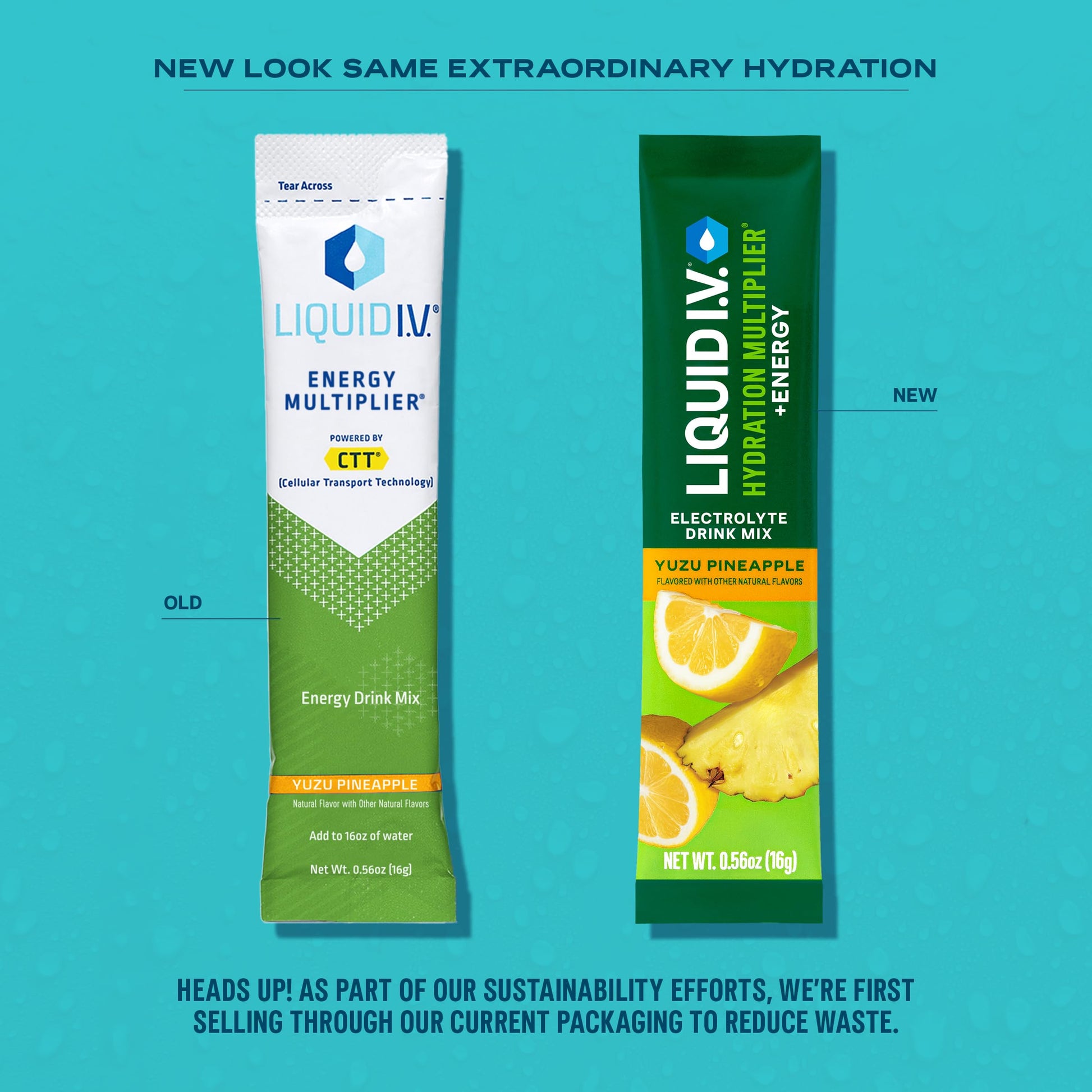 Liquid I.V.® Hydration Multiplier +Energy | Blackberry-Peach | Electrolyte Powder Drink Mix | 1 Pack (14 Servings) Liquid I.V. uk supplements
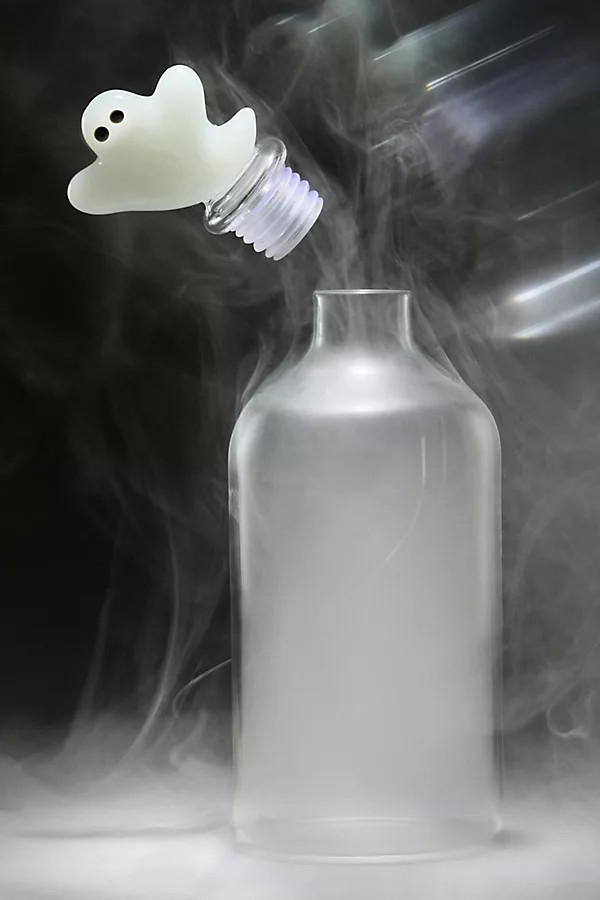 Ghost Glass Decanter | Anthropologie (US)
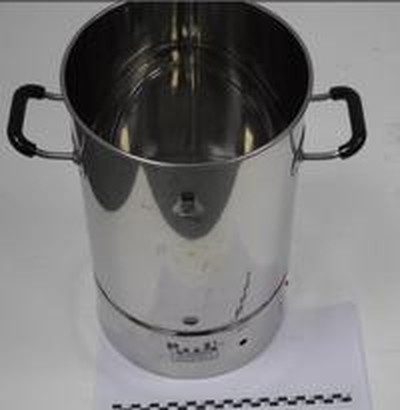 Емкость с ТЭНом для Airhot WB-10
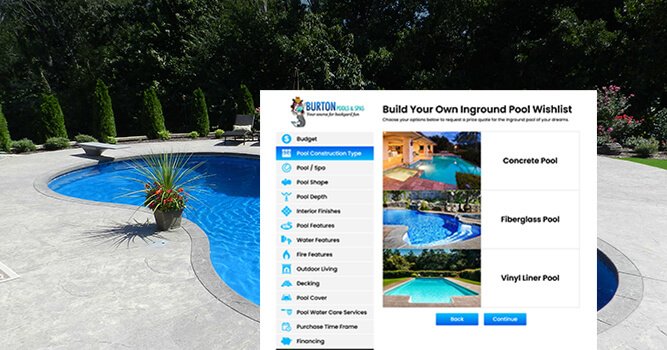 Fort Smith Inground Pool Construction Springdale Pool Builder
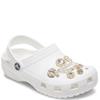 CROCS JIBBITZ ELEGANCE CHARMS - None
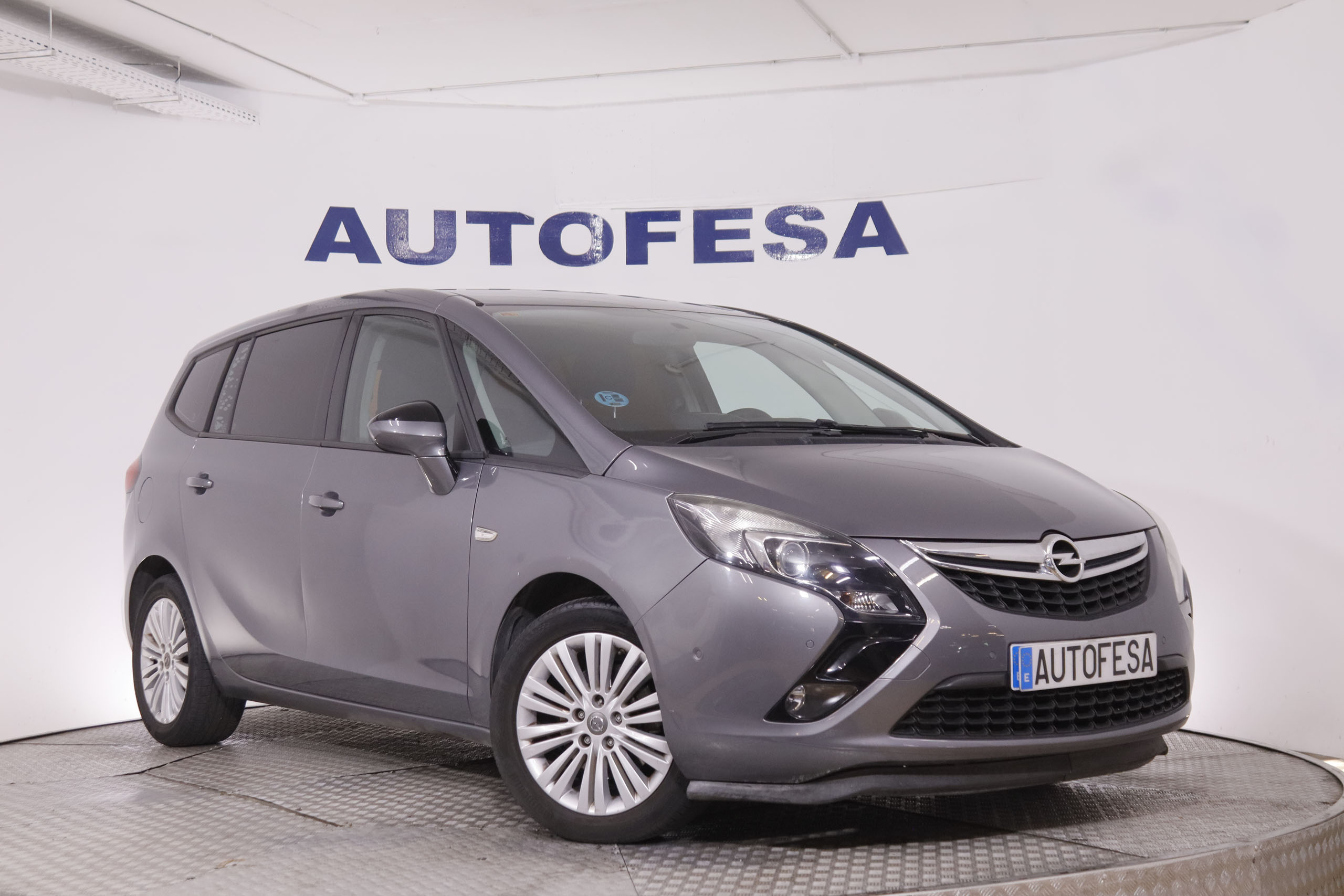 Opel Zafira 1.6 CDTI Selective 7 plazas - foto 3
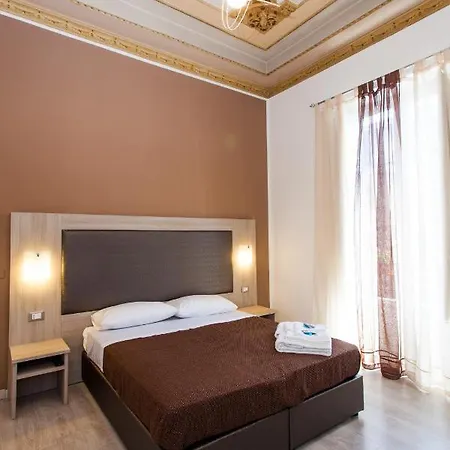 Abas Centro Storico B&B 팔레르모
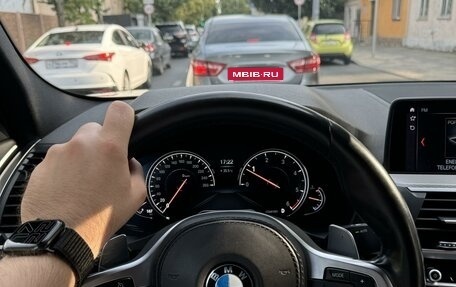 BMW X4, 2019 год, 5 500 000 рублей, 21 фотография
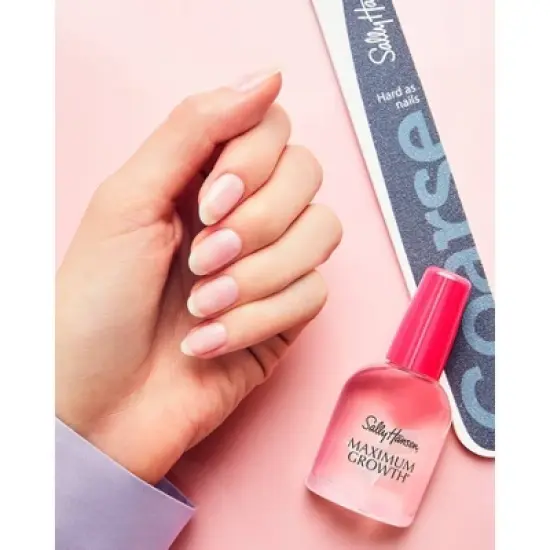 Sally Hansen Nail Treatment  45107 Maximum Growth - 0.45 fl oz image {3}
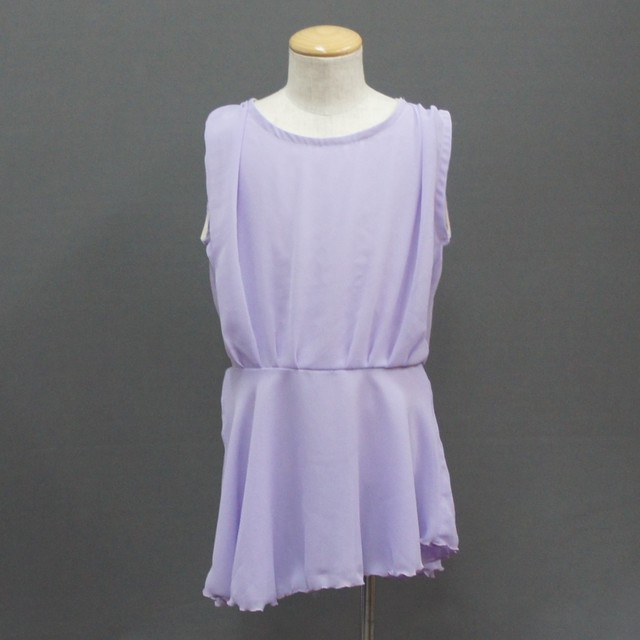 ジョーゼット バレエ衣裳trespicos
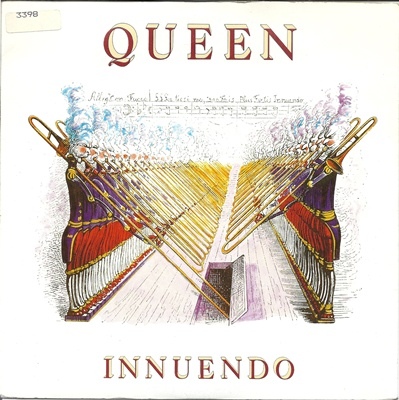 Queen - Innuendo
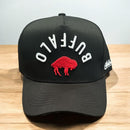 Buffalo Flip Cap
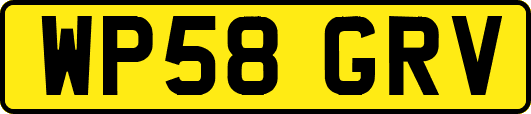 WP58GRV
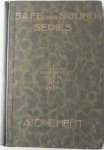 Rath Victor F C - Safe and Sound Series Atonement  Roomsche kleur in het werk Met los boekje list of annotations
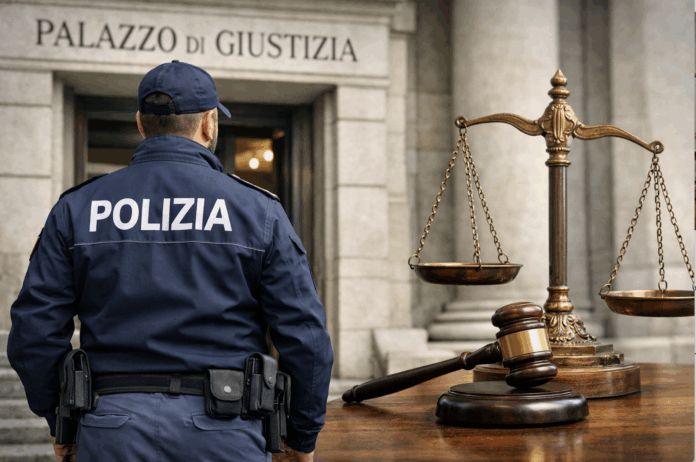 Legge, le forze dell'ordine giustamente tutelate o privilegiate dalla proposta FdI Legge, le forze dell'ordine giustamente tutelate o privilegiate dalla proposta FdI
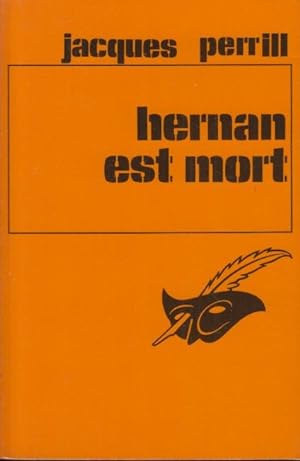 Seller image for Hernan est mort for sale by PRISCA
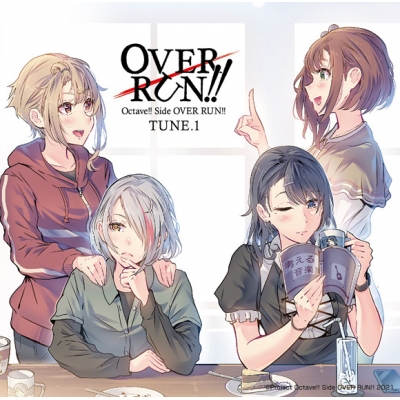 【ドラマCD】Octave!! Side OVER RUN!! TUNE.1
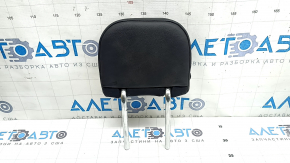 Rear left headrest for Ford Escape MK4 2020-22, black leather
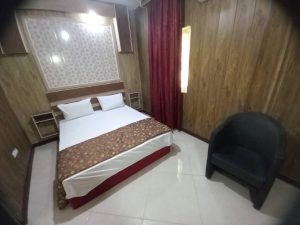 هتل پانیذ کیش اتاق دو تخته دابل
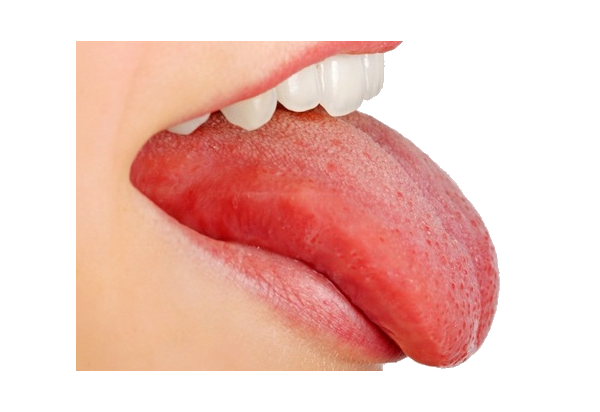 Tongue No Background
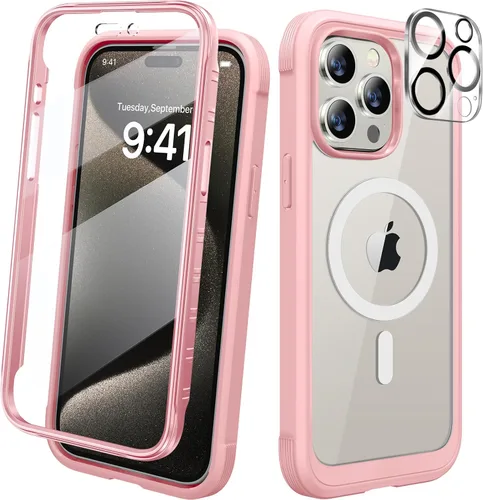 Vista 76 de DIACLARA - Funda transparente compatible con iPhone XR 6.1 pulgadas 2018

*EXERCISE DETAILS:* Give again, word for word, the line that contains "CROCS JIBBITZ ELEGANCE CHARMS - None" and every line after it through the end of the entries; omit the pictures.

*SOLUTION TO THIS EXERCISE:*
 CROCS JIBBITZ ELEGANCE CHARMS - None
 Opel Zafira 1.6 CDTI Selective 7 plazas - foto 3
 Abas Centro Storico B&B 팔레르모
 BMW X4, 2019 год, 5 500 000 рублей, 21 фотография
 Sally Hansen Nail Treatment  45107 Maximum Growth - 0.45 fl oz image {3}
 ジョーゼット バレエ衣裳trespicos
 Queen - Innuendo
 Buffalo Flip Cap
 WP58GRV
 Rath Victor F C - Safe and Sound Series Atonement  Roomsche kleur in het werk Met los boekje list of annotations
 Legge, le forze dell'ordine giustamente tutelate o privilegiate dalla proposta FdI Legge, le forze dell'ordine giustamente tutelate o privilegiate dalla proposta FdI
 Seller image for Hernan est mort for sale by PRISCA
 【ドラマCD】Octave!! Side OVER RUN!! TUNE.1
 Rear left headrest for Ford Escape MK4 2020-22, black leather
 هتل پانیذ کیش اتاق دو تخته دابل
 Tongue No Background
 Vista 76 de DIACLARA - Funda transparente compatible con iPhone XR 6.1 pulgadas 2018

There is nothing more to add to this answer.